Zonguldak’ta yaşayan 28 yaşındaki Ayşe Özgecan Usta, 5 Şubat 2021 günü erkek arkadaşı Bartu C.A.’nın İncivez Mahallesi Yavuzkent Sitesi’ndeki evine gitti.
İddiaya göre Özgecan Usta ile erkek arkadaşı arasında evlenme konusunda tartışması çıktı.
Tartışmanın devam etmesi üzerine genç kız, 8’inci kattaki dairenin terasından düşerek hayatını kaybetti.
‘Kendimi atacağım’ demesine rağmen peşinden gitmedi
Emniyetteki işlemlerinin ardından Zonguldak Adliyesi’ne sevk edilen Bartu C.A. hakkında ev hapsi ve adli kontrolle yurt dışı çıkış yasağı kararı verildi.
İddianamede, sanığın olay tarihinde 21 aydır birlikte olduğu kız arkadaşı Usta’nın evlilik tartışmasının ardından intihar girişiminde bulunabileceğini öngörmesine rağmen tartışmayı sürdürdüğüne yer verildi.
İddianamede, ‘Kendimi atacağım’ diyerek Usta’nın terasa çıktığı ancak sanığın hemen ardından terasa gitmediğine dikkat çekildi.
Savcı, hapis talep etti
Savcılık, sanık Bartu C.A. hakkında yaşanan olayın gerçekleşmeden önce yeterli dikkati göstermediği gerekçesiyle ‘taksirle ölüme neden olma’ suçunu işlediğini belirterek, 2 yıldan 6 yıla kadar hapisle yargılanmasını talep etti.
Ev hapsine çarptırılan sanık Bartu C.A.’nın, adli kontrol şartıyla haftada iki kez kolluk kuvvetlerine imza atma şartının devamına karar verildi.
Zonguldak 2. Asliye Ceza Mahkemesi’nde görülen duruşmada, olay günü yaşananlara tanık olanlar dinlendi.
Tanıklar dinlendi
Tanıklardan E.I. ve E.S. dinlendi.
E.S., olay gecesi yatma hazırlığında olduğunu bağrışmaları duyunca pencereyi açtığını genç bir kızın balkon korkuluklarından aşağıya sarktığını, gencin ise kızı tutmaya çalıştığını anlattı.

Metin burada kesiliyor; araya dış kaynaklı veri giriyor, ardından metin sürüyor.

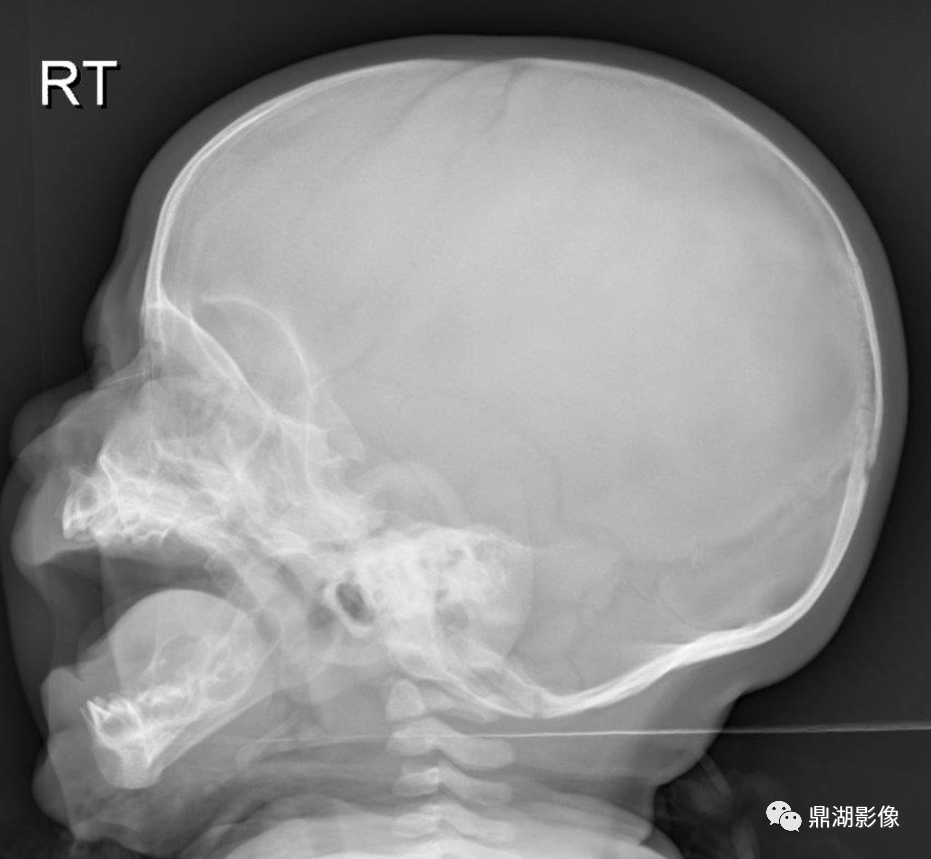 收藏 | 头颅平片阅片顺序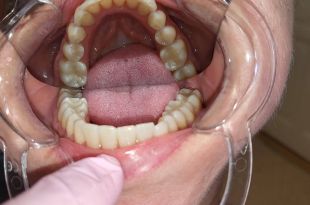 Láthatatlan fogszabályozó kezelés 4 hónap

Koşarak ikinci kattaki evinden aşağıya indiğinde ise genç kızı yerde bulduklarını söyledi.
“Çelişki var”
Duruşmada söz alan Özgecan Usta’nın babası Kenan Usta, tanık E.I.’nın ifadelerinin çelişkili olduğunu söyledi.
Tanığın hatırlamadığını söylediği olayla ilgili konuşan baba Kenan Usta, şunları söyledi:
İnsan böyle bir olayı, üç ay değil üç yıl da geçse unutmaz. Ancak tanık bazı şeyleri hatırlamadığını bazılarını ise diğer tanıktan farklı anlatıyor. Sanık söz konusu telefonun şifresinin kırılamadığını biliyordu. Kendisinin olaydan sonra telefonun şifresini değiştirdiğini, kırdığını, yatak ile duvar arasına sıkıştırdığını düşünüyorum. Aynı gün masanın üzerinde olan telefon, ertesi gün orada bulunurdu. Bu hususta çelişki var.
“Tedbiren de olsa tutuklansın”
Sanığın tedbiren de olsa tutuklanması gerektiğini söyleyen baba Kenan Usta, şöyle devam etti:
Suçlu olup olmadığına mahkeme karar verecek. Ancak tedbiren dahi olsa şüpheli kişi tutuklanır. Ev hapsi verilmiş olsa bile annesi yanında, babası yanında, yemekleri önüne geliyor, istediği gibi evinde vakit geçiriyor. Tedbiren hapis cezası ile cezalandırılmış olması gerekirdi. Küçük bir flaş bellek dahil bulunup dosyaya konuluyor ise bir telefonun beyan edilen yerden farklı yerde bulunması akla başka şüpheleri getiriyor. Deliller karartılmıştır.
Suçlamaları kabul etmedi
SEGBİS ile Çaycuma ilçesinden duruşmaya katılan tutuksuz sanık Bartu C.A. ise aleyhinde olan suçlamaları kabul etmediğini söyledi.
Sanığın avukatı da adli kontrolle imza şartının kaldırılmasını veya 15 günde bir uygulanmasını istedi.
Sanık avukatının talebi, kabul edilmedi.
Mahkeme heyeti, nisan ayında keşif yapılmasına ve duruşmanın haziran ayında görülmesine karar verdi.